Дышит.
Сбивается через раз, захлебывается вязким, напоенным резкими травянистыми запахами воздухом. Задыхается почти и шепчет имя…
…в этот раз все иначе.
Нет спешки. И боли, которую хоть ждала, а все одно… нет ожидания чуда, потому что если по большой любви, то чудо обязано быть, а значит, не будет и горечи.
Разочарования.
В этот раз все по-честному…
— Ева, — он отстраняется и замирает, глядя в глаза, — Ева…
— Лихо…
Тихо сказала, шепотом, еще не стыдясь ни себя, ни внезапной, точно навороженной этой страсти, которая не для благовоспитанных дев… будет время потом, позже, оплакать и это свое падение, и глупость, и все то, о чем плачут женщины наутро…
…и утро будет.
Хорошо, что не скоро еще. И остается тянуться за его руками, дышать его дыханием, снимая его с губ.
Чтобы одно на двоих.
В ритме.
В танце, столь же древнем, как сам мир… и пусть боги завидуют, а люди помолчат. До утра.

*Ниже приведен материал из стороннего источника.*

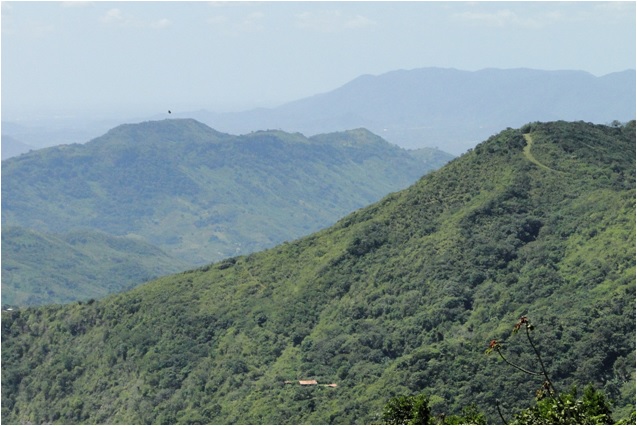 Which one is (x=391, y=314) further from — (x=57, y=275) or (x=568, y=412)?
(x=57, y=275)

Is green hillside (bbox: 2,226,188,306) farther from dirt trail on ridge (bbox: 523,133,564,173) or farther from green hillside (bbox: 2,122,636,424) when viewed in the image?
dirt trail on ridge (bbox: 523,133,564,173)

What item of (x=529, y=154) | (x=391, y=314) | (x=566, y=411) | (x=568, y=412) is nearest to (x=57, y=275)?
(x=529, y=154)

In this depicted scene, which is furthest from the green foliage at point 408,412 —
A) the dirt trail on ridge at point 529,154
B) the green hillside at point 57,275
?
the green hillside at point 57,275

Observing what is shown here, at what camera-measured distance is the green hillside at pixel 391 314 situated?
182ft

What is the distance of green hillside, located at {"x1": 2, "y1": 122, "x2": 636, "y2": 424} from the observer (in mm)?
55375

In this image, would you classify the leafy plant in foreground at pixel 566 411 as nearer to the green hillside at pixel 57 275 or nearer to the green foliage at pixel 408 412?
the green foliage at pixel 408 412

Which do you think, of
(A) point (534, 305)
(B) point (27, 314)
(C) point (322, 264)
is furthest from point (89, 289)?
(A) point (534, 305)

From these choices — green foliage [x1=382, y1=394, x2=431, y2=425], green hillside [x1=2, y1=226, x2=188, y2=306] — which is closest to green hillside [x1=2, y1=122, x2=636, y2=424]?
green foliage [x1=382, y1=394, x2=431, y2=425]

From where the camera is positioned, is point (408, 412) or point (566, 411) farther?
point (408, 412)

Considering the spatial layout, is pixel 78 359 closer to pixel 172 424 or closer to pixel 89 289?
pixel 172 424

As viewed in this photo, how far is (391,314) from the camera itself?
68.9 metres

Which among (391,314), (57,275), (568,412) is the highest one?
(568,412)

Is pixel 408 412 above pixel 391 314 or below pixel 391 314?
above

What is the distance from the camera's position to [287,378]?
6506 cm
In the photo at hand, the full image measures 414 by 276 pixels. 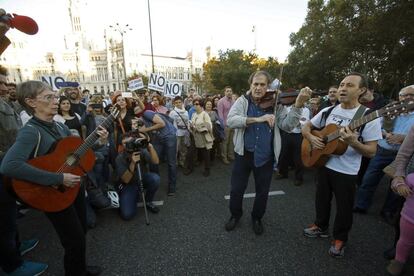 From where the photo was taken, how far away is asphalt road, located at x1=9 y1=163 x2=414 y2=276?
2604 millimetres

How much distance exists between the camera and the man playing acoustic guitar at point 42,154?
1.79 m

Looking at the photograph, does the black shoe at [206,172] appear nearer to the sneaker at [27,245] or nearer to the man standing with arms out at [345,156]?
the man standing with arms out at [345,156]

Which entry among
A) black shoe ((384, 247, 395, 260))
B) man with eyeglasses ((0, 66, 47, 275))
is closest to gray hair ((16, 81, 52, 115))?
man with eyeglasses ((0, 66, 47, 275))

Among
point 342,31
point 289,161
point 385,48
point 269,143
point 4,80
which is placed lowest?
point 289,161

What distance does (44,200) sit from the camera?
197cm

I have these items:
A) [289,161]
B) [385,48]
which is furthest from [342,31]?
→ [289,161]

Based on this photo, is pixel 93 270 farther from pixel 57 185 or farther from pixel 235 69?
pixel 235 69

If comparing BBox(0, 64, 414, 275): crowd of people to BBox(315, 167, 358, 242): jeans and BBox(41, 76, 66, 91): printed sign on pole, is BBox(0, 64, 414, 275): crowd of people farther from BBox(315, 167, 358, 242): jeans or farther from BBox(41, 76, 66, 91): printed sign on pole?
BBox(41, 76, 66, 91): printed sign on pole

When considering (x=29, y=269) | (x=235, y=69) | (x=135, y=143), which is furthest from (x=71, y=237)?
(x=235, y=69)

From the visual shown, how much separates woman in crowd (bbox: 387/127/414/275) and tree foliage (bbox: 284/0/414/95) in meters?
14.4

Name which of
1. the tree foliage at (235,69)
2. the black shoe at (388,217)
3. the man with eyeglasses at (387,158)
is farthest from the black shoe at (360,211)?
the tree foliage at (235,69)

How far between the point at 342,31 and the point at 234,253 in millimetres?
20159

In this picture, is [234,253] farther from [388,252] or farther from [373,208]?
[373,208]

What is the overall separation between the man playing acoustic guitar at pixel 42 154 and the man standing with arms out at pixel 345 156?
266cm
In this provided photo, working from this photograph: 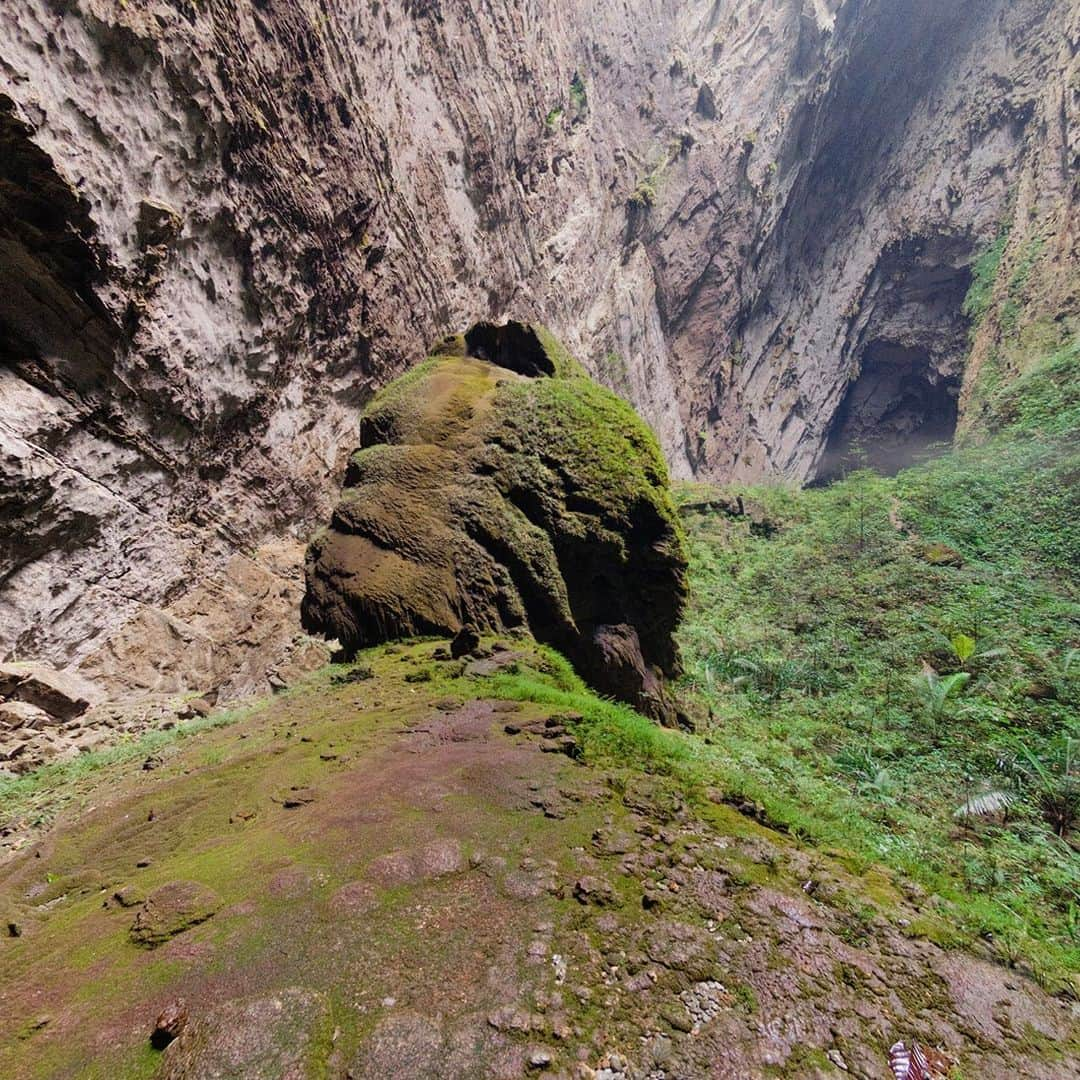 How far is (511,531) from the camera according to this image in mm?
7973

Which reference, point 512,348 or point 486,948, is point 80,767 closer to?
point 486,948

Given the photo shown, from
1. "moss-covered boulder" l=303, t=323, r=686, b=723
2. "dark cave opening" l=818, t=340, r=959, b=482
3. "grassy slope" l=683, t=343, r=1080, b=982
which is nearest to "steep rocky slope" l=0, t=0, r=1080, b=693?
"dark cave opening" l=818, t=340, r=959, b=482

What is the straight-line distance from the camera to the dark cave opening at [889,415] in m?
39.4

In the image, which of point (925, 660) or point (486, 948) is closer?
point (486, 948)

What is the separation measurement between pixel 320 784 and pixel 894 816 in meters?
6.48

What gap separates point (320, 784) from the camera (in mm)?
3914

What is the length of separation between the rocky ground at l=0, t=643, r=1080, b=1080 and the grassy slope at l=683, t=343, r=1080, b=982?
27.8 inches

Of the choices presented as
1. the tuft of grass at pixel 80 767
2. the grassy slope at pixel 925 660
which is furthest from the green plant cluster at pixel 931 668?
the tuft of grass at pixel 80 767

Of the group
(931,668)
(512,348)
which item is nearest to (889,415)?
(931,668)

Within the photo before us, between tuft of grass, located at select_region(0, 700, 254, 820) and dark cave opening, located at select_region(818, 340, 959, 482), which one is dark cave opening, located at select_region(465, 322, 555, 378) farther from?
dark cave opening, located at select_region(818, 340, 959, 482)

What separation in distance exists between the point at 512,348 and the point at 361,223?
6143mm

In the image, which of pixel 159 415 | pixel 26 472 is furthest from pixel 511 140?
pixel 26 472

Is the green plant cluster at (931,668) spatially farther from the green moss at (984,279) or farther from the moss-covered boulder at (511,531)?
the green moss at (984,279)

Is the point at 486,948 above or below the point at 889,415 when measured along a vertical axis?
below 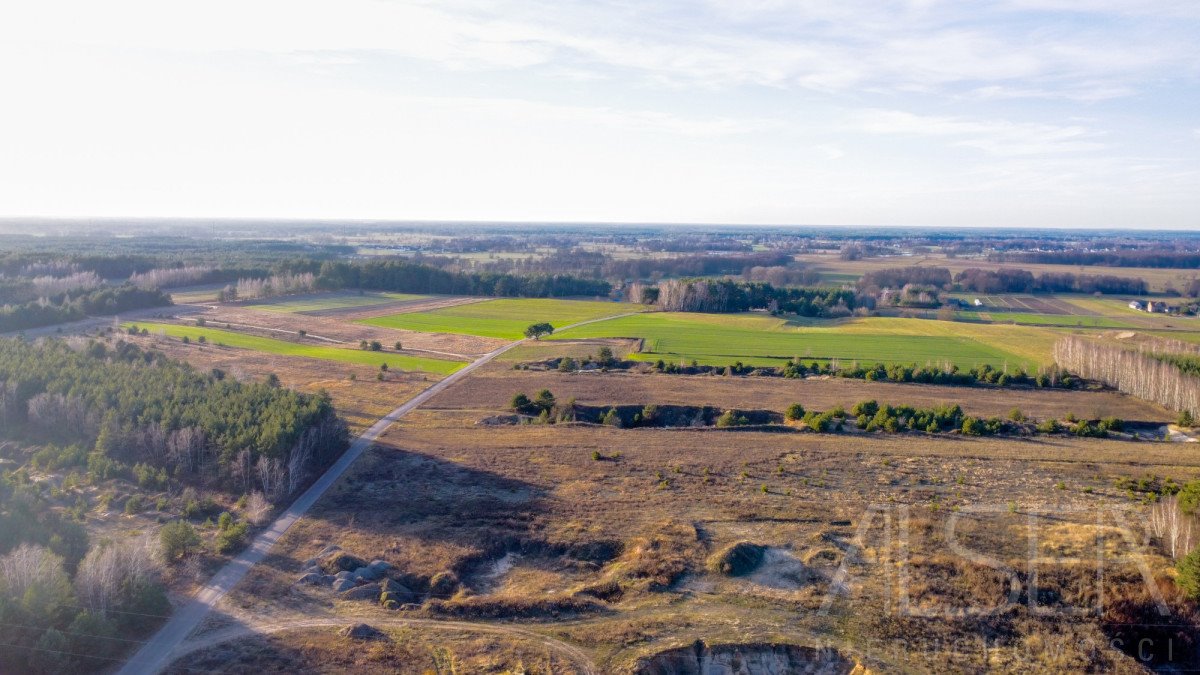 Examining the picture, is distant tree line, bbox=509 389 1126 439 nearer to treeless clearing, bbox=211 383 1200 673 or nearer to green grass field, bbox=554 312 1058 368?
treeless clearing, bbox=211 383 1200 673

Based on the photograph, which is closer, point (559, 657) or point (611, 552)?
point (559, 657)

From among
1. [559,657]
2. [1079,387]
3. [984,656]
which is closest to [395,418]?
[559,657]

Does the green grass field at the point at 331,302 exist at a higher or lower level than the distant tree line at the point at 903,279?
lower

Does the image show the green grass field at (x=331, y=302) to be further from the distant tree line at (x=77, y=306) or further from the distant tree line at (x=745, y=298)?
the distant tree line at (x=745, y=298)

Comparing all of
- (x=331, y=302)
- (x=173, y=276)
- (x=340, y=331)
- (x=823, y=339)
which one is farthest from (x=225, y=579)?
(x=173, y=276)

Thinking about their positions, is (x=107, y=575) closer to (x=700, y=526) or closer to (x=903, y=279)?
(x=700, y=526)

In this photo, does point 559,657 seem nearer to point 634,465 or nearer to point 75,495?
point 634,465

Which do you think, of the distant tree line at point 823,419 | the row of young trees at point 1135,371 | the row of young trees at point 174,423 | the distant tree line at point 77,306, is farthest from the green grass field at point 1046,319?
the distant tree line at point 77,306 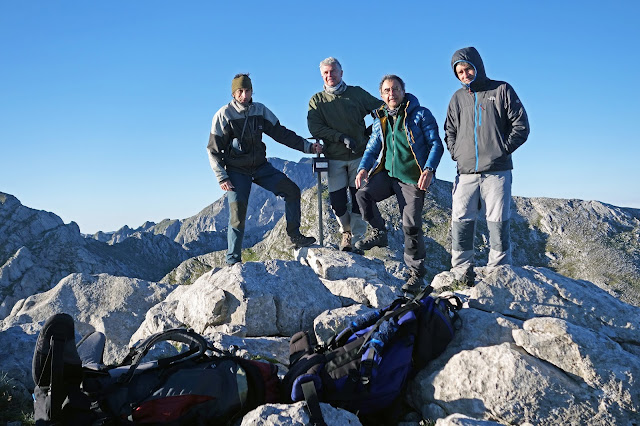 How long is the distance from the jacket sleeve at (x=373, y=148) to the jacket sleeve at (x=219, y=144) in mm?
→ 3700

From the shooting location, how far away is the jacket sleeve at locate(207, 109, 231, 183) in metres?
11.9

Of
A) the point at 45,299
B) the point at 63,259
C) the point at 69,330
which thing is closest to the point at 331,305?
the point at 69,330

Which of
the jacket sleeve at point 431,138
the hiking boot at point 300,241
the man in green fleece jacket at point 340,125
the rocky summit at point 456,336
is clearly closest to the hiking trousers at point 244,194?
the hiking boot at point 300,241

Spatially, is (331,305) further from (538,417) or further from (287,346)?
(538,417)

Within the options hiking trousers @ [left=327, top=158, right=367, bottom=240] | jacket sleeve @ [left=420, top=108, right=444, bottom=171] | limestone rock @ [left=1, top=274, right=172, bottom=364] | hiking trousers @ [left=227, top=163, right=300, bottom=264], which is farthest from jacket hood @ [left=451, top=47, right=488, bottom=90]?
limestone rock @ [left=1, top=274, right=172, bottom=364]

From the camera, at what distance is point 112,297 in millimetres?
13977

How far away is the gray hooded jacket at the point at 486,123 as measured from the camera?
9258 millimetres

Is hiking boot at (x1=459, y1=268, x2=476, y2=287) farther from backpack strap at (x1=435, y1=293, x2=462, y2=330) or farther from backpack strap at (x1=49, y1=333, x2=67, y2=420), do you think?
backpack strap at (x1=49, y1=333, x2=67, y2=420)

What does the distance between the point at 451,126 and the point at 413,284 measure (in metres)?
3.71

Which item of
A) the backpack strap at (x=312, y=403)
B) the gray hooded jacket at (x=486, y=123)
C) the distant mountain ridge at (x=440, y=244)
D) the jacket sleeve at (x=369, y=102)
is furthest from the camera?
the distant mountain ridge at (x=440, y=244)

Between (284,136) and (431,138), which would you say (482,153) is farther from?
(284,136)

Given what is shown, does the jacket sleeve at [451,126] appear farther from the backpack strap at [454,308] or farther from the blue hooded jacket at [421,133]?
the backpack strap at [454,308]

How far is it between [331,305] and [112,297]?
Answer: 7.65 meters

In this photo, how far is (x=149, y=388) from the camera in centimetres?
543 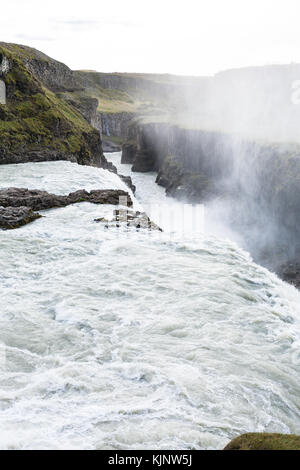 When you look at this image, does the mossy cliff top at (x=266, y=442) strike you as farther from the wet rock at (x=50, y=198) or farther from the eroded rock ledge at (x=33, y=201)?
the wet rock at (x=50, y=198)

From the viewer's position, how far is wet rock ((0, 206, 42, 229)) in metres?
19.8

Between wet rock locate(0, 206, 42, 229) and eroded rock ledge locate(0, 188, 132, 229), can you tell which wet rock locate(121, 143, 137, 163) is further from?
wet rock locate(0, 206, 42, 229)

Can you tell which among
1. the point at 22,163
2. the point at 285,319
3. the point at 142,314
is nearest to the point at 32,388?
the point at 142,314

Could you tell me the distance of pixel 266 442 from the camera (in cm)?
590

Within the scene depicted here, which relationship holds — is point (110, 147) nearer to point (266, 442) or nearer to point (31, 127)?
point (31, 127)

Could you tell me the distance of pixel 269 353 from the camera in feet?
35.5

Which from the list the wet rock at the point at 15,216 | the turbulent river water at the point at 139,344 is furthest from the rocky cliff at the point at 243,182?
the wet rock at the point at 15,216

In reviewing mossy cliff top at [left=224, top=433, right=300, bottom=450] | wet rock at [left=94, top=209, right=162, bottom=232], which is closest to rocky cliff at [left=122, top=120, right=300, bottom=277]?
wet rock at [left=94, top=209, right=162, bottom=232]

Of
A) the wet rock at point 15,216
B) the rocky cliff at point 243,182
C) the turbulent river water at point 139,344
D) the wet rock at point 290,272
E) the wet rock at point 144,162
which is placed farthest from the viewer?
the wet rock at point 144,162

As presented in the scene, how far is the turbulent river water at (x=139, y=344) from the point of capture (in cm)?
788

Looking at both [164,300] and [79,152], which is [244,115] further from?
[164,300]

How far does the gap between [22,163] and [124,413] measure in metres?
33.0

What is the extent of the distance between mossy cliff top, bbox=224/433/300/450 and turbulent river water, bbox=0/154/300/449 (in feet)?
4.78

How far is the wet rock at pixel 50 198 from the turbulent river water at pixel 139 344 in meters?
4.25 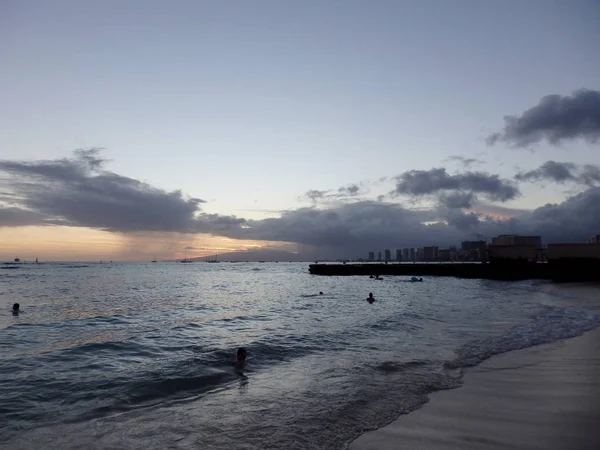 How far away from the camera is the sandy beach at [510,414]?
241 inches

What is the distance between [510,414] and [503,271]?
2948 inches

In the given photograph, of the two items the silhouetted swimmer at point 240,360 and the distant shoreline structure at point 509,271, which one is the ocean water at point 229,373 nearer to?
the silhouetted swimmer at point 240,360

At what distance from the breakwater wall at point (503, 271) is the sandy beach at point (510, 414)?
6324 cm

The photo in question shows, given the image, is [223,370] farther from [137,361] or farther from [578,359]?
[578,359]

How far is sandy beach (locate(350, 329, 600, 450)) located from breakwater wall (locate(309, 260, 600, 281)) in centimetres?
6324

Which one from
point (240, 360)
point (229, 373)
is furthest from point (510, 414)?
point (240, 360)

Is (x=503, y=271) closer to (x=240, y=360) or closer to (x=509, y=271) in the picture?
(x=509, y=271)

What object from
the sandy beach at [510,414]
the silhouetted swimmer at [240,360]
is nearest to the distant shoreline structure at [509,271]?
the sandy beach at [510,414]

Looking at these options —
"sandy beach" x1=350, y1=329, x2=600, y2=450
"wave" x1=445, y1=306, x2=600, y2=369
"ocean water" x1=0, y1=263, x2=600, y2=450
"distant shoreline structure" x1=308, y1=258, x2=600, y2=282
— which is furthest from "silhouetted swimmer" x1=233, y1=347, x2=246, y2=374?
"distant shoreline structure" x1=308, y1=258, x2=600, y2=282

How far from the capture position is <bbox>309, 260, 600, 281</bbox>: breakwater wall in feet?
204

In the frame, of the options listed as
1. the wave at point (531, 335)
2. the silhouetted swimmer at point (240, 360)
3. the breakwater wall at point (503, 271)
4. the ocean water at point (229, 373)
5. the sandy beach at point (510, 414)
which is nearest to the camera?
the sandy beach at point (510, 414)

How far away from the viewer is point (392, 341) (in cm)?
1659

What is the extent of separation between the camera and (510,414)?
735 cm

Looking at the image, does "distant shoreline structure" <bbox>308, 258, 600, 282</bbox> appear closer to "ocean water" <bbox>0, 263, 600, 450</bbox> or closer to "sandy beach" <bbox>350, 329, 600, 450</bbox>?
"ocean water" <bbox>0, 263, 600, 450</bbox> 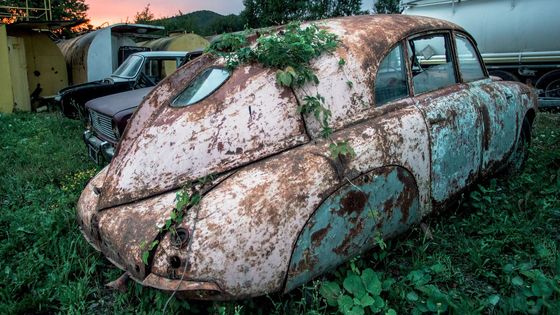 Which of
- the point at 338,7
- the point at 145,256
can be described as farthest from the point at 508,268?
the point at 338,7

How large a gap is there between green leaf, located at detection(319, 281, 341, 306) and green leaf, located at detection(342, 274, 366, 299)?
0.17ft

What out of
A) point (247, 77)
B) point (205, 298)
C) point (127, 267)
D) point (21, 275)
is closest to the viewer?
point (205, 298)

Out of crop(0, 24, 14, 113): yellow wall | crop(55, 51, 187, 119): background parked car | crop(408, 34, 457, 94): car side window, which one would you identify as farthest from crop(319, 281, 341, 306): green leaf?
crop(0, 24, 14, 113): yellow wall

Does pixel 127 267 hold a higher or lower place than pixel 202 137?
lower

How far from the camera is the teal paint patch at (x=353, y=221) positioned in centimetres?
206

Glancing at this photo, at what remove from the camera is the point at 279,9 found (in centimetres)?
2502

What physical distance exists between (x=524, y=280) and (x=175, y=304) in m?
1.95

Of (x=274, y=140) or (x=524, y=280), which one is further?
(x=524, y=280)

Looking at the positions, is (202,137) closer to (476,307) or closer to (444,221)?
(476,307)

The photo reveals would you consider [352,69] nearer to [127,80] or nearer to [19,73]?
[127,80]

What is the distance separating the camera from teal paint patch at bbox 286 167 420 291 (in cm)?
206

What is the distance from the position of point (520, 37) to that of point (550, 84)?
113 cm

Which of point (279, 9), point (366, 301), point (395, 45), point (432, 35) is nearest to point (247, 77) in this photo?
point (395, 45)

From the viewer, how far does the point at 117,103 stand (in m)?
5.00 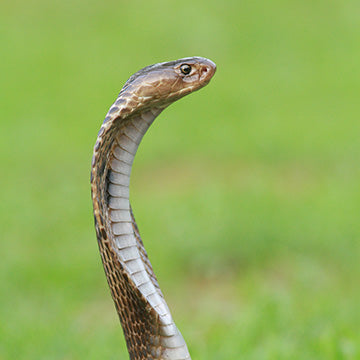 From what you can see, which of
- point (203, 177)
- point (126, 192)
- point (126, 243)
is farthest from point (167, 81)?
point (203, 177)

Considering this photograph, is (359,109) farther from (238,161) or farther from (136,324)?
(136,324)

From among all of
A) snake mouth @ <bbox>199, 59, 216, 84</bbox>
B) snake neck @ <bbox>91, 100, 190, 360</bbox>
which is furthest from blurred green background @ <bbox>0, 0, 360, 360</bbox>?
snake mouth @ <bbox>199, 59, 216, 84</bbox>

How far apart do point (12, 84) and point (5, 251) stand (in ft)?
18.6

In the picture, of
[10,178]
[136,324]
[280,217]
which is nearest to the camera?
[136,324]

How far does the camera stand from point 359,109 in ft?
33.3

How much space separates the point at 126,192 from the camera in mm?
2197

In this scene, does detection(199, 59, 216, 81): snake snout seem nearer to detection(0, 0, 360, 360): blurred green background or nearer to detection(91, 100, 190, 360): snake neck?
detection(91, 100, 190, 360): snake neck

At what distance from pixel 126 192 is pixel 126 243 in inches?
5.8

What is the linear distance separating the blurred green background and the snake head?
5.98 feet

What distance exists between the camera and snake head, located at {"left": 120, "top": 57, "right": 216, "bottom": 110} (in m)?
2.07

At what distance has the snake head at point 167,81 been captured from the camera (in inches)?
81.4

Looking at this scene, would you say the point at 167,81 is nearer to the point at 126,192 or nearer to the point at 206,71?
the point at 206,71

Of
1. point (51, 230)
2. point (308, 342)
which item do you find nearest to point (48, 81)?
point (51, 230)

Полурык-полустон. И спина напряженная, со вздувшимися горбами мышц. Щека к щеке. И шея мокрая, его и Евдокии тоже. Она слизывает капли кисловатого пота и прячет лицо на его груди.
— Ева… — Он разбирает пряди волос, перепутанных, связавших их если не навеки, как храмовые обеты, то всяко надолго. — Моя Евушка…
— Почему твоя?
Кажется, теперь ей все-таки стыдно, и стыд заставляет отворачиваться, искать на полу халат или рубашку… была ведь рубашка.
Куда подевалась?
Когда?
Лихослав не позволяет ускользнуть, держит крепко, к себе прижимает, повторяет имя на ухо, трогая его, пылающее от стыда, губами.
— Ева… моя…
— Ты меня презираешь?
Где-то далеко часы отмерили время, и бой их разносится по Цветочному павильону.
— Нет.
Хочется верить, но…
— Я ведь замужем не была, а… и снова вот… и, наверное, на роду написано…
— Не жалей.
— О чем?
— Ни о чем. — Он по-прежнему держит, и хорошо, потому что теперь можно сдаться, сказав себе, что у Евдокии нет иного выбора, подчиниться.
Остаться лежать.
На его плече и рядом, непозволительно близко… грехи она замолит, откупится от божьего гнева белыми голубями и еще дюжиной восковых свечей, тех, которые подороже… и смешно и горько. Разве можно с богами так, как с пожарным инспектором? Правда, брал тот отнюдь не голубями…
…Боги обходились дешевле.
— Ты красивая…
— Перестань.
— Почему?
— Просто… я не жалею. Наверное, не жалею…
— Так наверное или не жалеешь?
— Не жалею. — Во всяком случае пока, а о том, что будет дальше, Евдокия старалась не думать. В конце концов, до рассвета еще несколько часов… и пол жесткий, но вставать не хочется. А Лихослав дотягивается до кителя и набрасывает его на плечи Евдокии.